Enny Sri Hartati selaku Ekonom Senior INDEF mengatakan bahwa kajian mengenai perunggasan ini dilatarbelakangi dari industri perunggasan yang sangat strategis, namun di sisi lain masih banyak persoalan yang menghantuinya. 
“Memang harus ada petunjuknya karena jika tidak, maka akan menghasilkan keputusan  yang menyebabkan masalah di sisi lainnya,” ujarnya. 
Enny mengungkapkan bahwa sektor perunggasan masih menghadapi masalah yang kompleks. Terdapat beberapa isu straregis yang masih dihadapi oleh perunggasan, di antaranya ketidakseimbangan supply-demand, instabilitas pakan, daya saing produk unggas, dan ketersediaan data dan informasi. 
Mengenai data misalnya, asumsi produksi dan konsumsi cenderung masih tidak sesuai antara satu data dengan data lainnya. INDEF menyarankan bahwa penyediaan data dan informasi secara transparan, tepat waktu, dan dapat diakses oleh semua orang. 

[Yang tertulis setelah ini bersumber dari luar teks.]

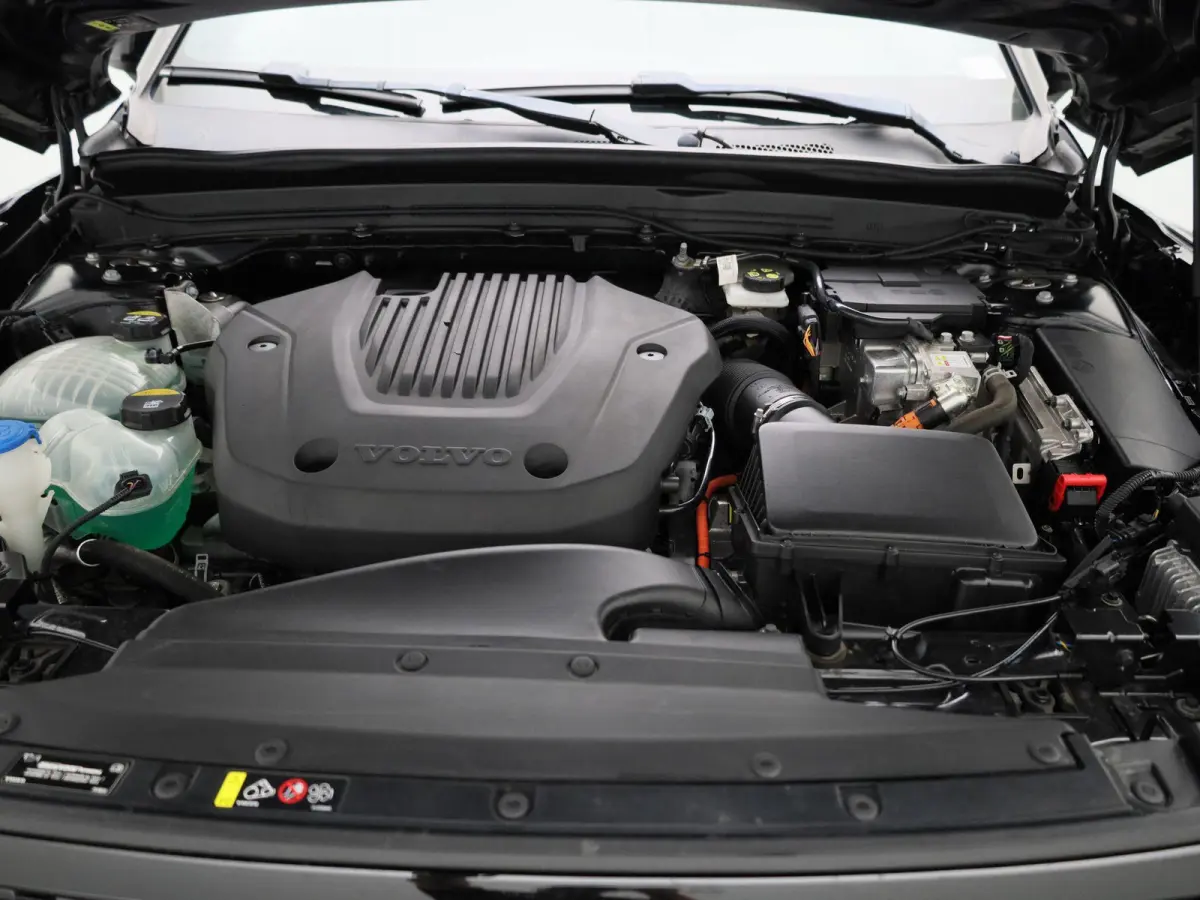 1.5 T4 R-Design | PANORAMADAK | HARMAN KARDON | STOEL-STUURWIELVERWARMING | CAMERA | NAVIGATIE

“Jadi tidak perlu menunggu seminggu untuk mendapat datanya. Diharapkan nanti ada data yang tersedia secara realtime, semua orang bisa mengakses, dan diberikan oleh lembaga yang terpercaya,” katanya.
Baca Juga: Rektor IPB Ajak Berbagai Pihak untuk Mencari Solusi Masalah Pakan Ternak
Nasrullah selaku Direktur Jenderal Peternakan dan Kesehatan Hewan, Kementan (Dirjen PKH) mengapresiasi kepedulian INDEF terhadap industri perunggasan untuk melakukan kajian secara mendalam. 
Nasrullah mengakui bahwa memang industri perunggasan masih bergantung pada impor, mulai dari bibit sampai pakan. “Kita memang swasembada tetapi masih ada ketergantungan tertentu pada impor,” ucapnya. 
Usaha untuk sedikit demi sedikit lepas dari impor harus didukung riset yang perlu diperkuat, seperti untuk bibit dan pakan. Menurutnya riset dari ayam lokal Indonesia masih mencapai 20 tahun, tertinggal 80 tahun dari ayam ras sehingga masih ada kemungkinan untuk perkembangannya. 
Nasrullah juga menyetujui bahwa hilir ini butuh diperbaiki, salah satunya untuk memperbaiki supply demand dari produk ayam ras. 
Masih mengenai sisi hilir, Syailendra selaku Direktur Jenderal Perdagangan Dalam Negeri, Kementerian Perdagangan mendukung bahwa memang juga perlu ada kampanye mengenai daging ayam dengan sistem rantai dingin. Selama ini memang ayam beku masih mendapatkan stigma negatif dari masyarakat. 
“Memang kita perlu mensosialisasikan bahwa mengonsumsi ayam beku lebih aman dan higienis,” kata Syailendra.
Menanggapi masalah ayam lokal Indonesia, Deputi II Bidang Pangan dan Pertanian, Kemenko Perekonomian Musdhalifah Machmud, mendukung perkembangan dari komoditas ekslusif. Hal tersebut karena masih ada peminat tetap dari ayam lokal ini. 
“Kedepannya mungkin kita bisa mengembanglan ayam lokal kita ini secara efisien. Ayam lokal ini walaupun harganya mahal, jarang yang protes,” jelasnya.